### The task
Retype the records in full, exactly as they stand.

Items listed in a dataset
○ ○ ○ ○ ○
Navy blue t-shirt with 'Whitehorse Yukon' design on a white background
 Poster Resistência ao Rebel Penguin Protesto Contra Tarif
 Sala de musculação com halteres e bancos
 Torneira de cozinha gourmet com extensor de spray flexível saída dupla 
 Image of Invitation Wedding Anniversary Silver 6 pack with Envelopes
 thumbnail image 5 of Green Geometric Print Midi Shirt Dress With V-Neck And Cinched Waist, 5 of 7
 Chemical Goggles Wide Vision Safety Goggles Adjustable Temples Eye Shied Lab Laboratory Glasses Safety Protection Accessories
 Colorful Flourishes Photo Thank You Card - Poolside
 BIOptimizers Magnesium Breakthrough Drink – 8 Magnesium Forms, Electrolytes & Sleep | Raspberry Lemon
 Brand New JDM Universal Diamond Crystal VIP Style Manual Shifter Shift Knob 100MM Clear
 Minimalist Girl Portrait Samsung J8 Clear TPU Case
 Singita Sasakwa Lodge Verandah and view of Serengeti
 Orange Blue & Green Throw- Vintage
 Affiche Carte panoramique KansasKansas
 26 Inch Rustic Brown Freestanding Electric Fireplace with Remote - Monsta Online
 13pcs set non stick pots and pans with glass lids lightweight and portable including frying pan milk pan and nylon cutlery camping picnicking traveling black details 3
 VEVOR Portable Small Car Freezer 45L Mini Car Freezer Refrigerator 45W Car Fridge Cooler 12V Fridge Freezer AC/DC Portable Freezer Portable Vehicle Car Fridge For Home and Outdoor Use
○ ○ ○ ○ ○
### Solution
Navy blue t-shirt with 'Whitehorse Yukon' design on a white background
 Poster Resistência ao Rebel Penguin Protesto Contra Tarif
 Sala de musculação com halteres e bancos
 Torneira de cozinha gourmet com extensor de spray flexível saída dupla 
 Image of Invitation Wedding Anniversary Silver 6 pack with Envelopes
 thumbnail image 5 of Green Geometric Print Midi Shirt Dress With V-Neck And Cinched Waist, 5 of 7
 Chemical Goggles Wide Vision Safety Goggles Adjustable Temples Eye Shied Lab Laboratory Glasses Safety Protection Accessories
 Colorful Flourishes Photo Thank You Card - Poolside
 BIOptimizers Magnesium Breakthrough Drink – 8 Magnesium Forms, Electrolytes & Sleep | Raspberry Lemon
 Brand New JDM Universal Diamond Crystal VIP Style Manual Shifter Shift Knob 100MM Clear
 Minimalist Girl Portrait Samsung J8 Clear TPU Case
 Singita Sasakwa Lodge Verandah and view of Serengeti
 Orange Blue & Green Throw- Vintage
 Affiche Carte panoramique KansasKansas
 26 Inch Rustic Brown Freestanding Electric Fireplace with Remote - Monsta Online
 13pcs set non stick pots and pans with glass lids lightweight and portable including frying pan milk pan and nylon cutlery camping picnicking traveling black details 3
 VEVOR Portable Small Car Freezer 45L Mini Car Freezer Refrigerator 45W Car Fridge Cooler 12V Fridge Freezer AC/DC Portable Freezer Portable Vehicle Car Fridge For Home and Outdoor Use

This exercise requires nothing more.